亀裂伝播部の観察には,Fig.1に示すように丸棒試料に先端曲率を0.1 mmに尖らせた切り欠きを導入しそれに垂直なスリットを反対側から入れた試験片(ダブルノッチ試験片)を用いた。材料の制約上比較的小型の試験片としている。本試験片は二本の切り欠き試験片が並列した構成を持つ試験片であり,並列した評価区間のうち片方が破壊し加重が低下したときに試験を終了させる事で破壊していないもう片方の評価区間を観察する事を意図したものである(本供試材における実験ではほぼ同時に破壊が発生していた様子で,双方の評価区間から脆性き裂が発生していた)。この試験片の両側にFig.2に示す長さ100 mmの延長治具を接続し,100 kN万能試験機に中央下部に1点支点,両端上部に支点間距離(スパン)150 mmに設定した三点曲げ治具を取り付け,曲げ荷重を加えて脆性き裂を発生させる試験を行った。なお,この延長治具は切り欠き深さを大きくすることにより荷重に対する曲げモーメントを増加させる目的でFig.2およびFig.3に示すように偏心した位置に丸棒切り欠き曲げ試験片を取り付けるように設計しているものである。Fig.3内の下図は試験片の半分に対し静的負荷中の様子を調査する目的で実施したFEM解析により得られた応力の軸方向成分についてコンター表記したものであり,赤色は大きい引張応力,濃い青色は圧縮応力の分布を示している。試験は液体窒素に浸漬し試験片内を均一に−196°Cに調整し,1 mm/min.のストローク制御にて実験を行った。1050°C材・1050°CAsQ材双方とも載荷途中に脆性破壊の発生により支持力は急激に低下し,僅かの荷重を残したところで試験機変位の制御を停止させた。これは脆性破壊の発生および曲げ荷重によるき裂進展中の応力拡大係数の負勾配により試験片途中で停止したことを示している。脆性き裂アレスト長さは後ほど実施した中央部付近の断面観察により1050°C材はリガメント長さ2.5 mmに対し焼戻し材では凡そ1.4 mm,1050°CAsQ材では凡そ1.95 mmであることが判っている。なお,本報では脆性き裂伝播の様相と金相学的特徴との関係が主目的であるため,脆性破壊発生や伝播停止に関する力学的な整理は行っていない。

Fig. 1.

 Dimension and shape of the double notched specimens.

Fig. 2.

 Configuration of extension jig for the three point bend test.

Fig. 3.

 Setup of specimen, extension jigs and support jigs.

2・3 SEM/EBSD測定

各試料に対してSEM(JEOL JSM-7001FA, 15kV)による観察とEBSD法による結晶方位の測定を行った。各試料のSEM/EBSD測定時の測定領域と測定間隔は20~2000×20~800 μmと0.03~5 μmとした。組織の定量評価では測定領域と測定間隔を2000×800 μmと2 μmと固定し,950°Cと1050°C材では2視野,1150°C材では3視野の測定を行った。

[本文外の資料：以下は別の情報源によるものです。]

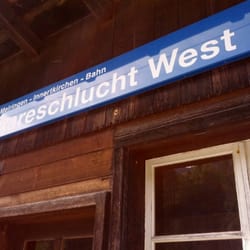 Aareschlucht West ZB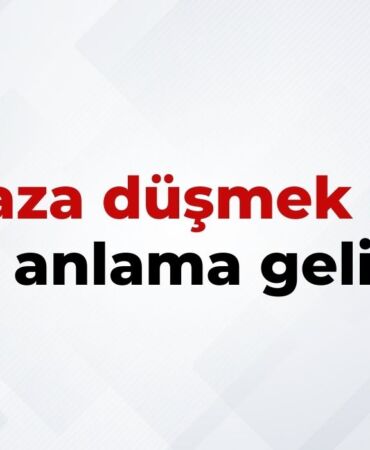 Açmaza Düşmek Nedir, Ne Anlama Gelir Açmaza Düşmek Deyiminin TDK Sözlük Anlamı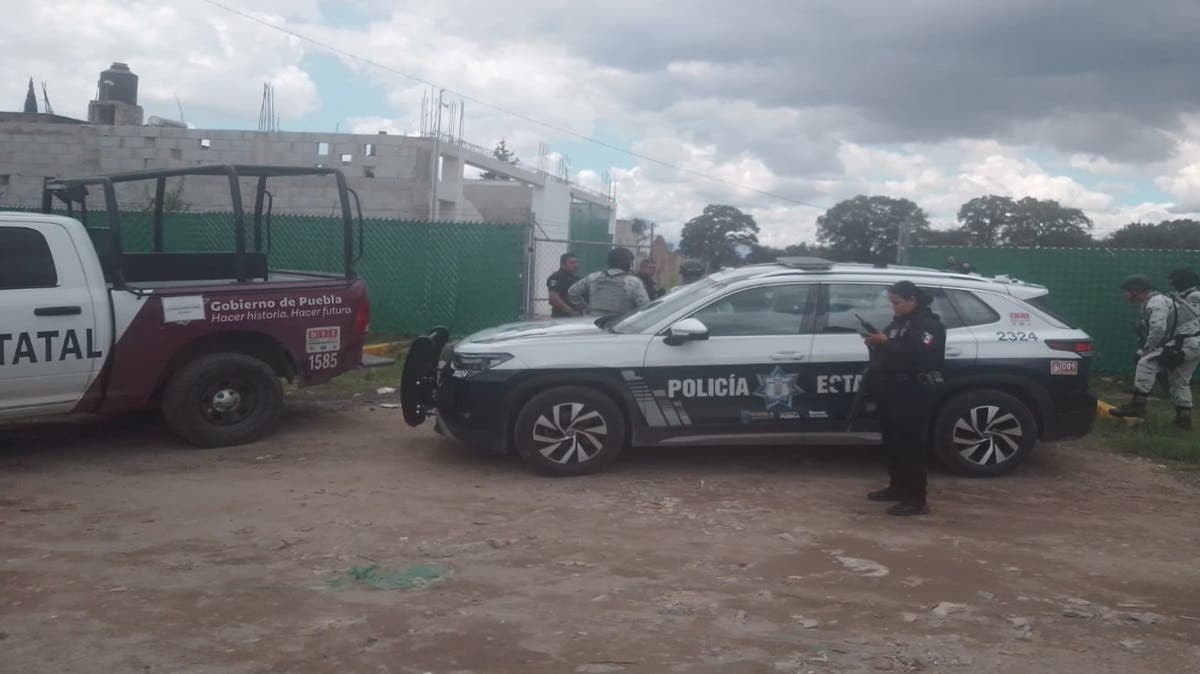 ¡Última Hora! Balacera en Puebla: Persecución policial termina en gasolinera de San Aparicio.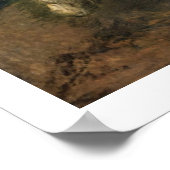 1770年頃ブルーボーイヴィンテージアートのポスター ポスター (角)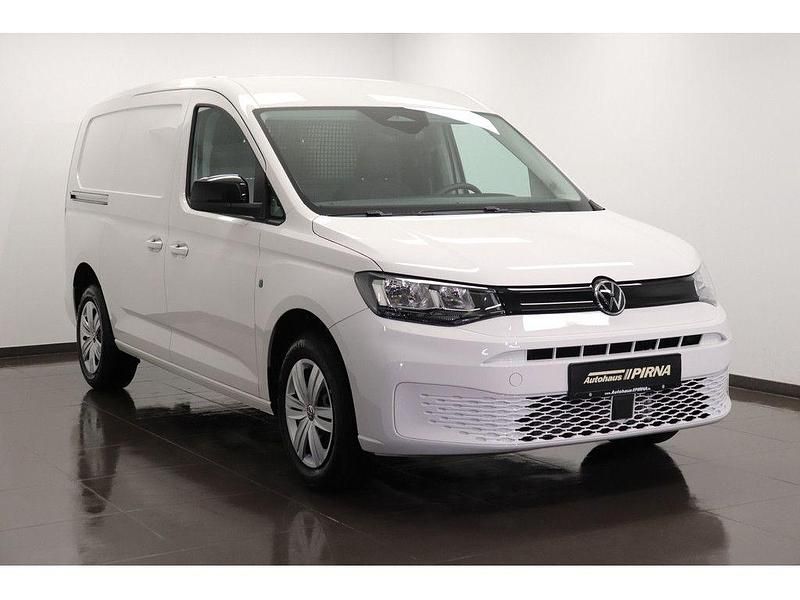 Neu VW Caddy Maxi 116 PS (85 kW) 2026 Weiß Van / Kleinbus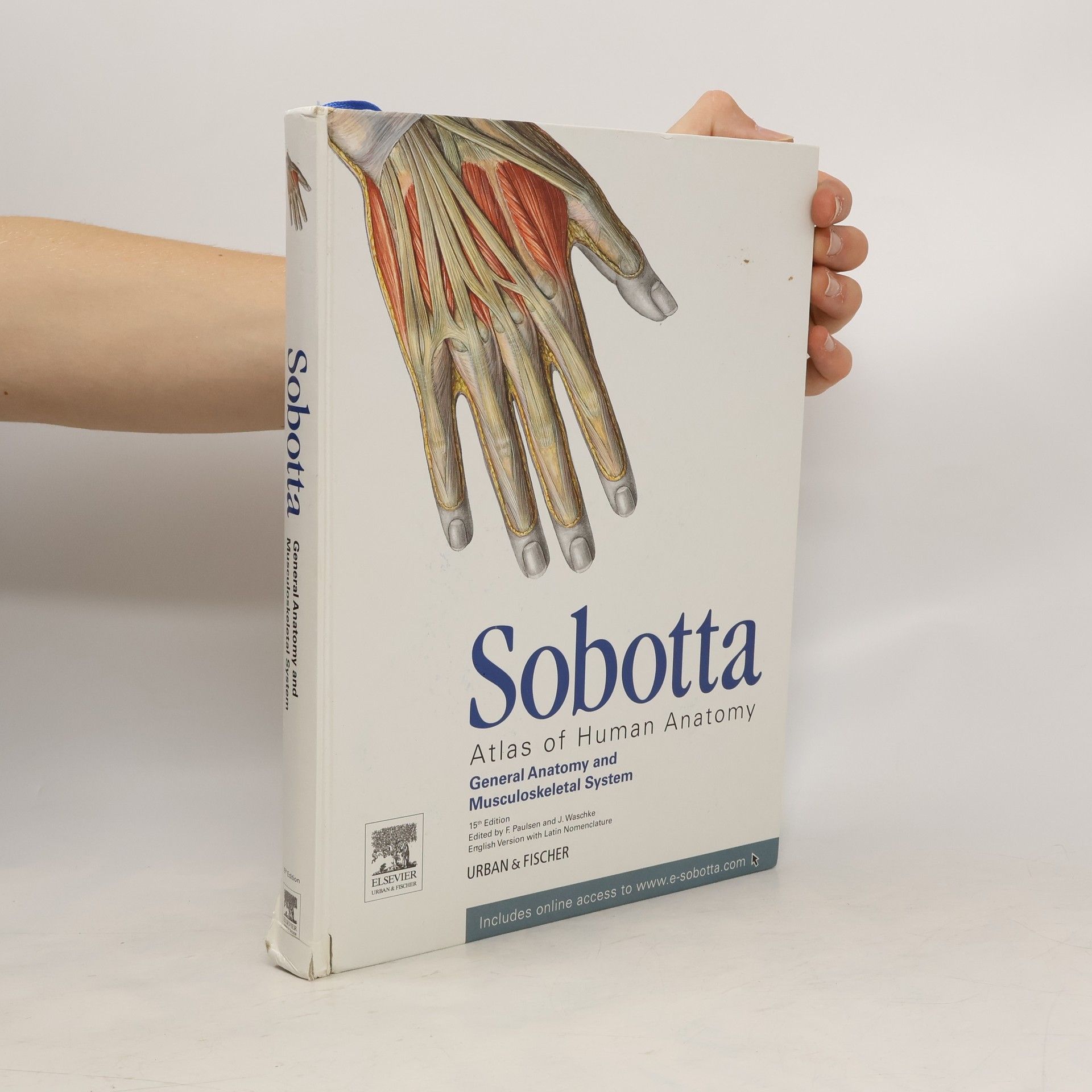 Friedrich Paulsen Sobotta Atlas of Human Anatomy
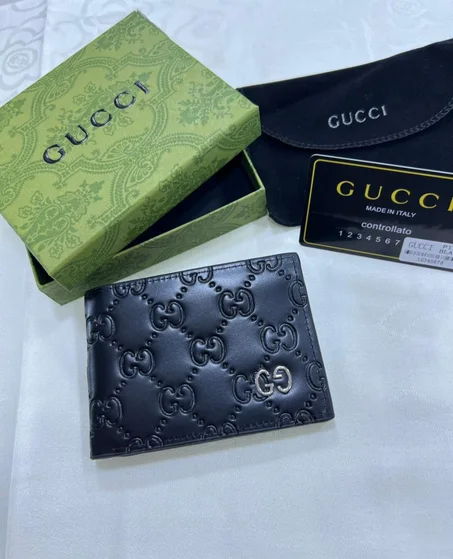 PORTE MONNAIE GUCCI  HOMMES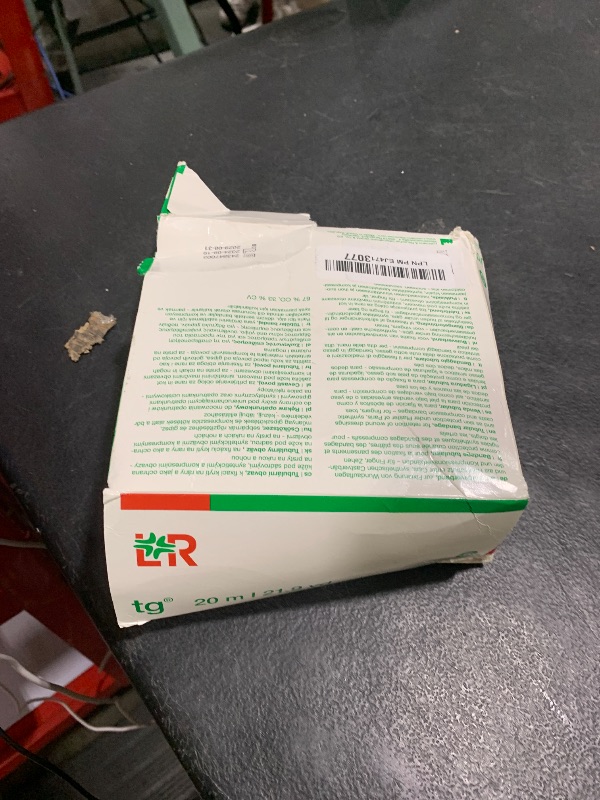 Photo 1 of Lohmann & Rauscher Tg Grip, Size F, 10cm x 10m, Elasticated Tubular Compression Bandage for Light & Comfortable Support, Sleeve for Sprains, Strains, Soft Tissue Injuries, Skin Friendly Stockinette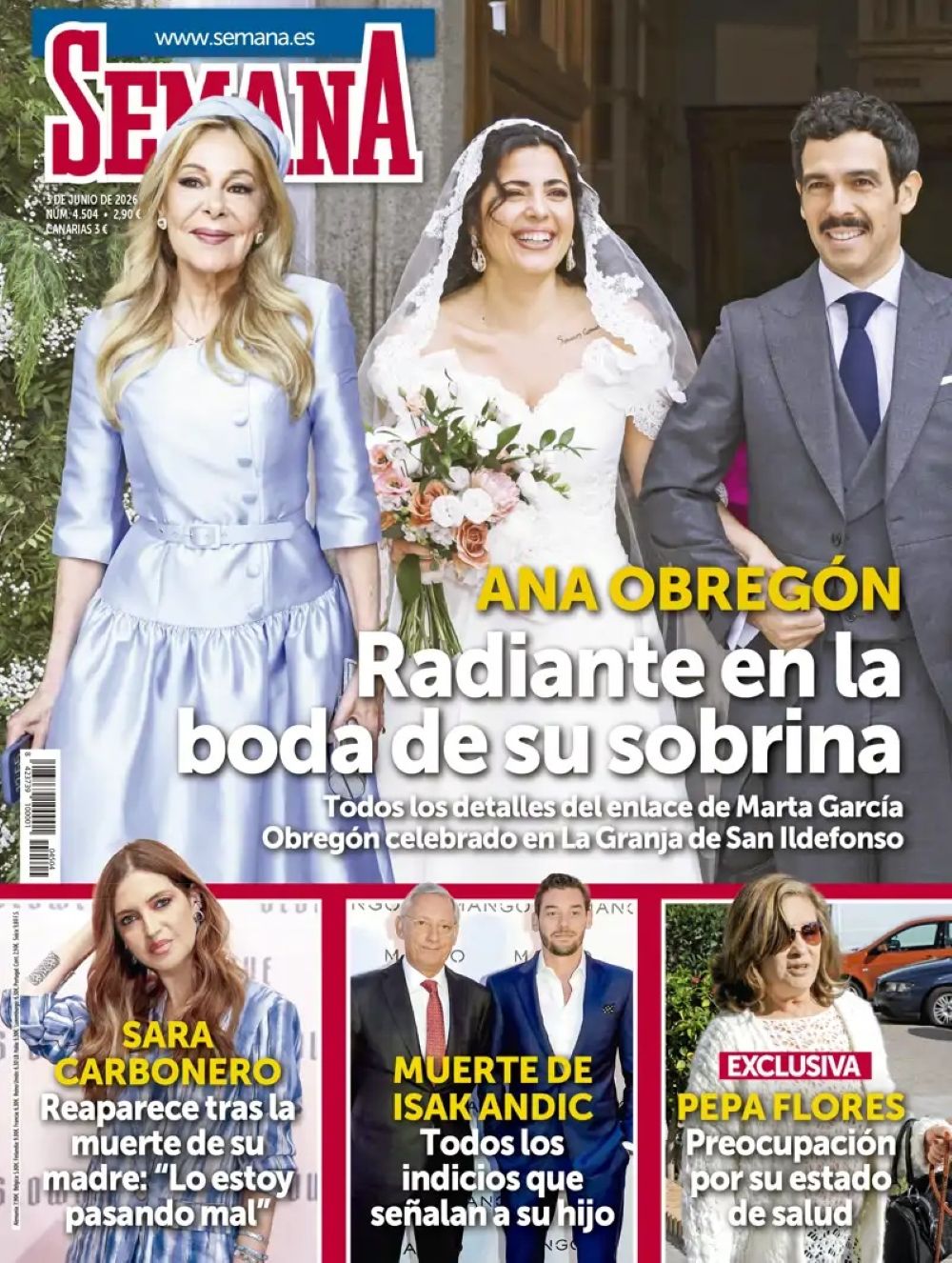 Las portadas de la prensa rosa (27-05-2026) - Chic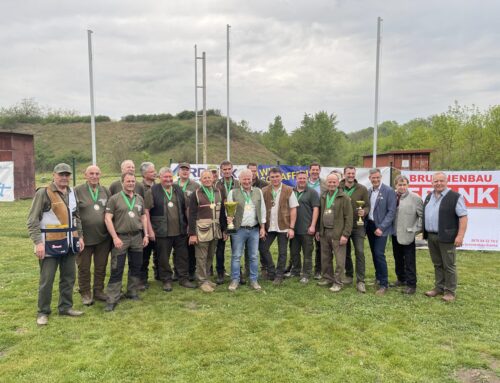 Einladung Bezirkshegering Meisterschaft 9. Mai 2026 in Lassee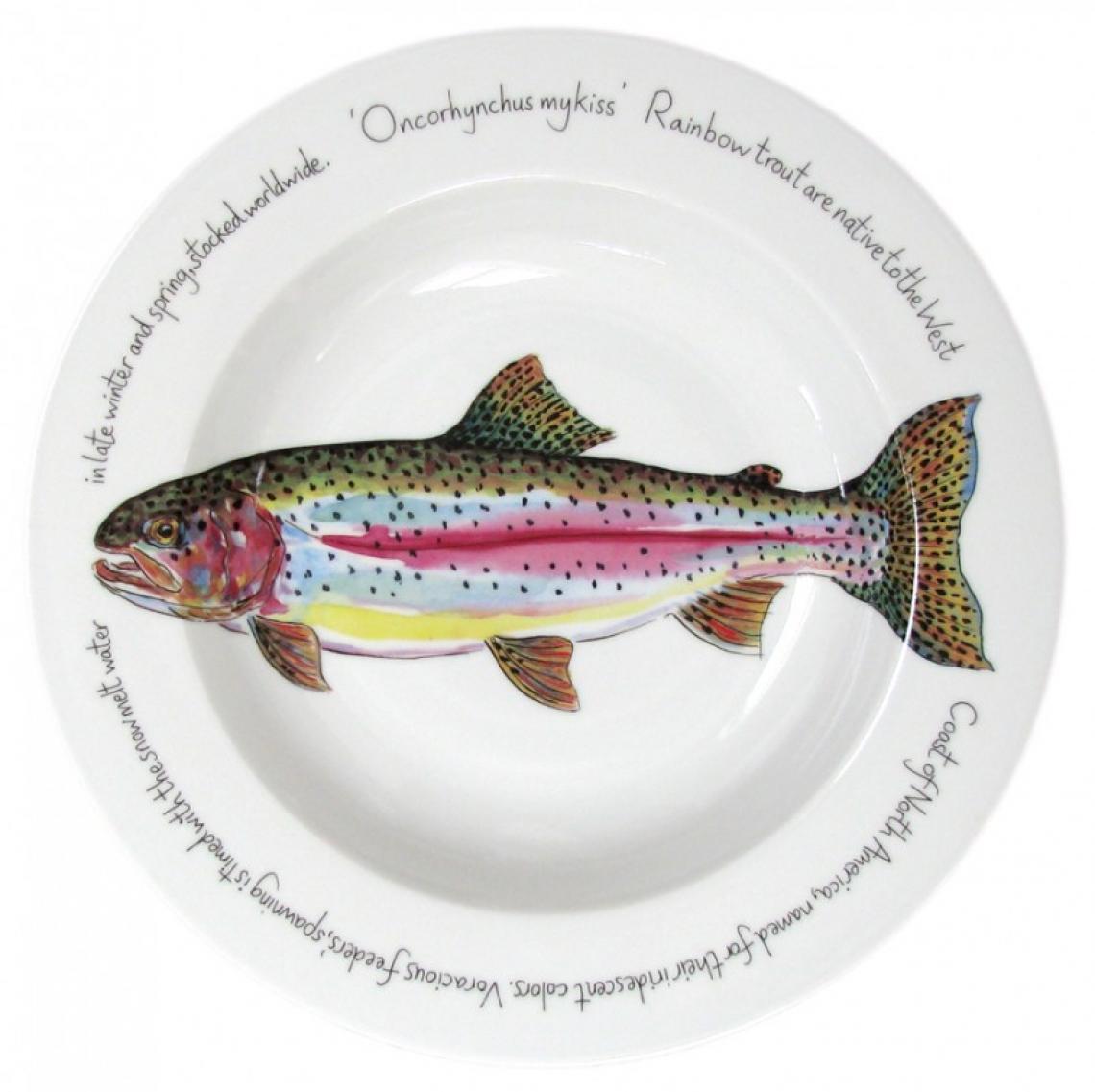 Richard Bramble Deep Plate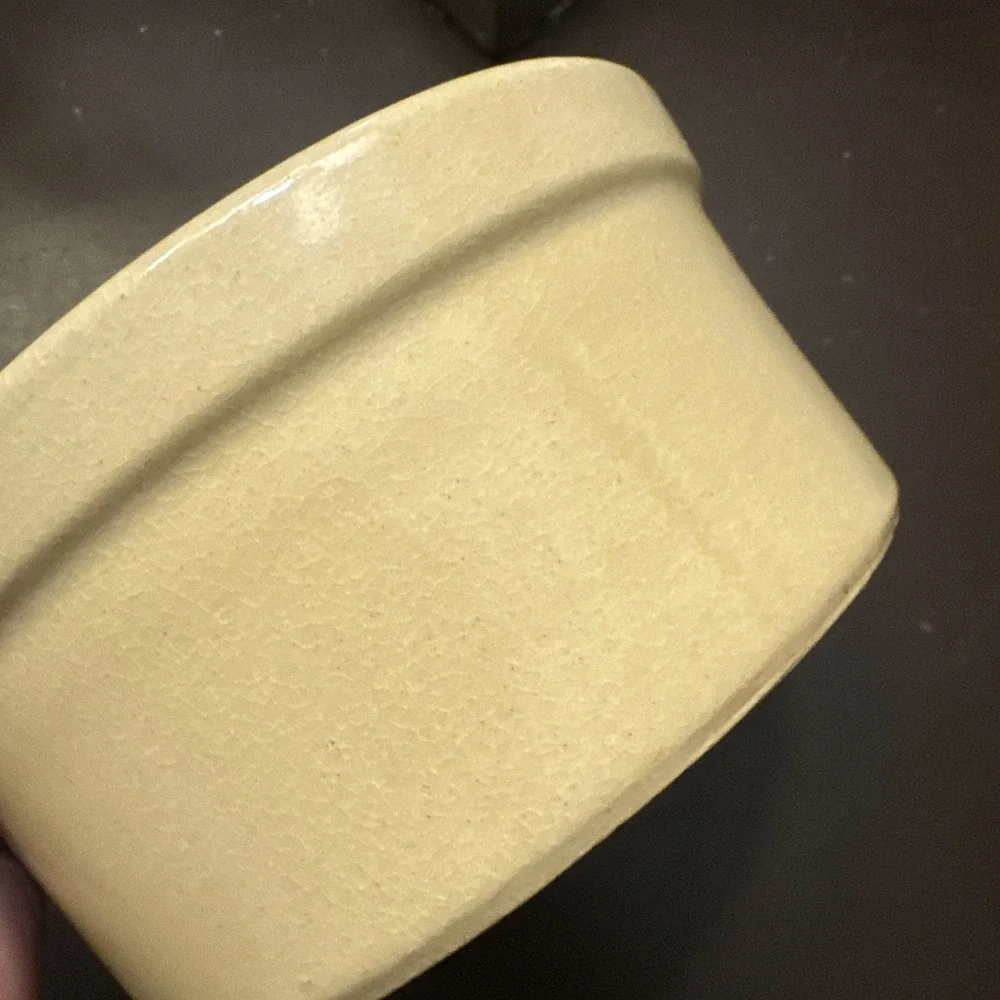 Vintage RRP‎ Roseville Pottery Dog Bowl 5 1/2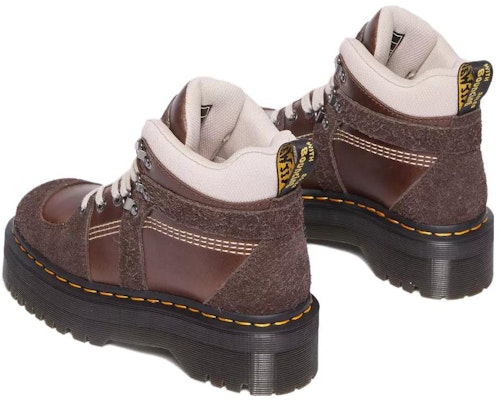 (W) Botas de Cuero Casual con Cordones Dr. Martens Tobilleras 'Marrón Oscuro' 31215201 Shop (W) Botas de Cuero Casual con Cordones Dr. Martens Tobilleras 'Marrón Oscuro' 31215201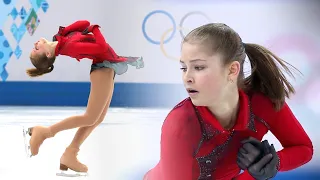 Yulia Lipnitskaya ↬ {She's the one}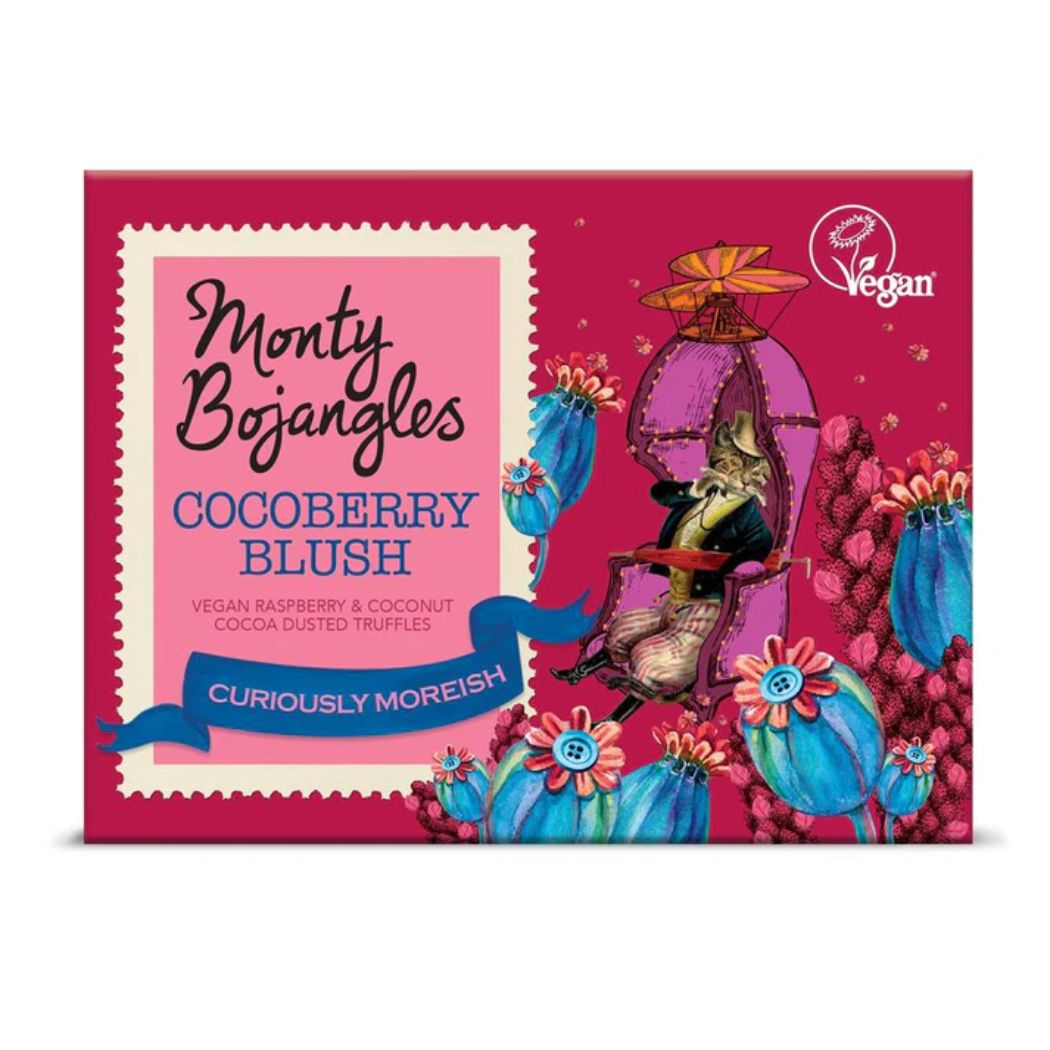 Monty Bojangles Cocoberry Blush Vegan Gift Cube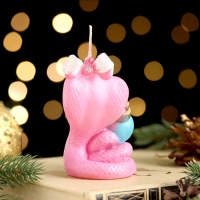 Новый год Символ года Свеча фигурная "Змея с шаром" Новый год Символ года Свеча фигурная "Змея с шаром"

旧A粒の同定には結晶学的な逆解析法を用いた13)。逆解析法は高温相のAから特定の結晶方位関係を持ってマルテンサイトラスやベイニティックフェライトが現れる事を利用する。一般的にベイニティックフェライトは一つのAから最密面平行且つ最密方向平行の結晶方位関係(Kurdjumov-Sachs orientation relationship,KS関係)に近い結晶方位関係を持って現れる14)。このベイニティックフェライトの結晶方位は24通り存在し,これらのベイニティックフェライト同士にも特定の結晶方位関係が存在する。SEM/EBSD測定で得られたBの結晶方位からそれらの結晶方位差を算出し,先述の結晶方位関係と一致する領域のみを抽出すると変態前のA粒を取り出すことができる。本報告では自動化された逆解析用ソフトウェアを用いて旧A粒の同定およびそれらに含まれる組織単位の評価を行った。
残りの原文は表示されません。